**Directions for this task**
Each entry below should be restated word for word, without any picture it contains.
[Given records Boundary: Start]
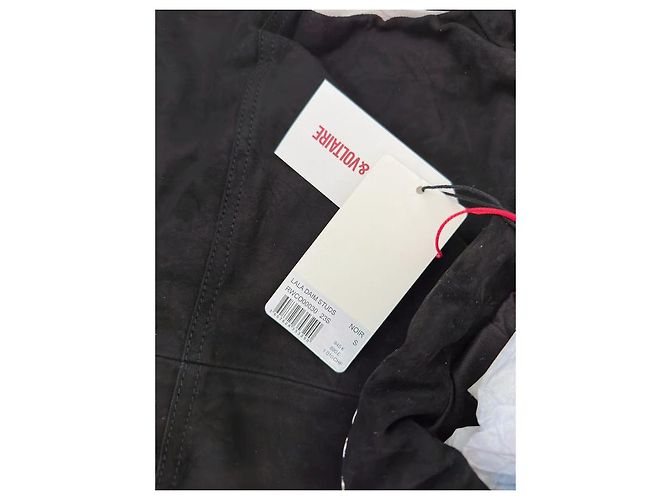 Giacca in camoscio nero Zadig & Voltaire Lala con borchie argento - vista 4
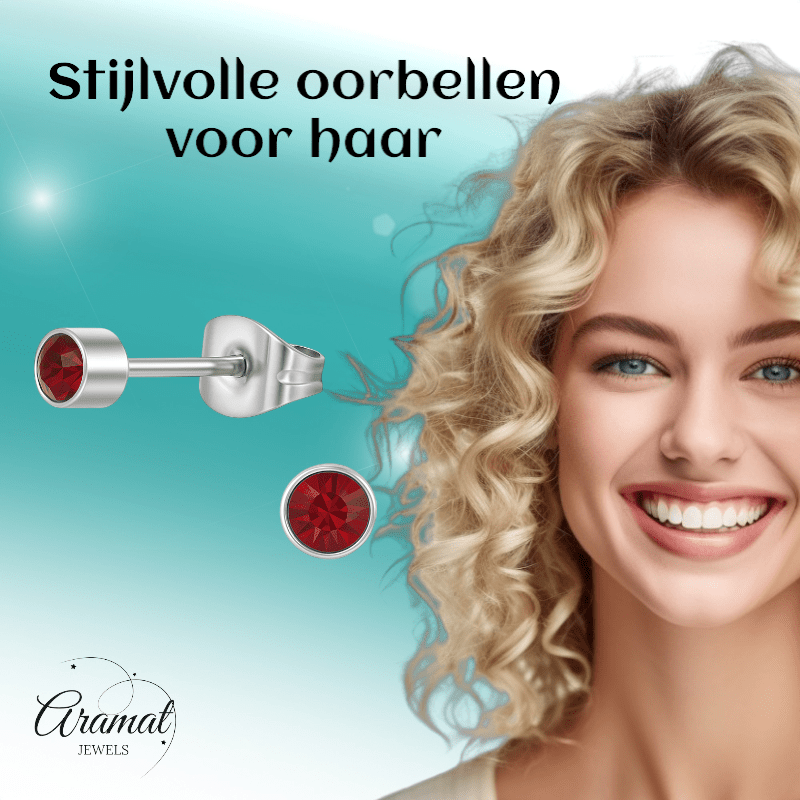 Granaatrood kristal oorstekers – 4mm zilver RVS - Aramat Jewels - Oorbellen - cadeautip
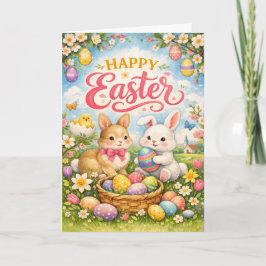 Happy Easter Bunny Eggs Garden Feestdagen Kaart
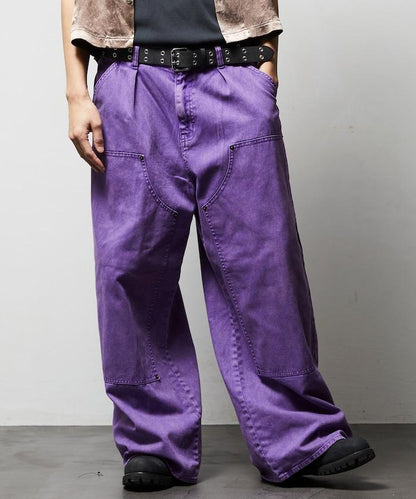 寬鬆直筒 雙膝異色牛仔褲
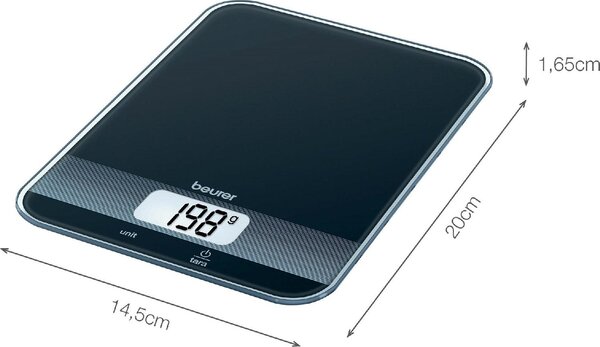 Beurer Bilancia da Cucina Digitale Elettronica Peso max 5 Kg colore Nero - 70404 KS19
[Given records Boundary: End]
**Answer area**
 Giacca in camoscio nero Zadig & Voltaire Lala con borchie argento - vista 4
 Granaatrood kristal oorstekers – 4mm zilver RVS - Aramat Jewels - Oorbellen - cadeautip
 Happy Easter Bunny Eggs Garden Feestdagen Kaart
 寬鬆直筒 雙膝異色牛仔褲
 Beurer Bilancia da Cucina Digitale Elettronica Peso max 5 Kg colore Nero - 70404 KS19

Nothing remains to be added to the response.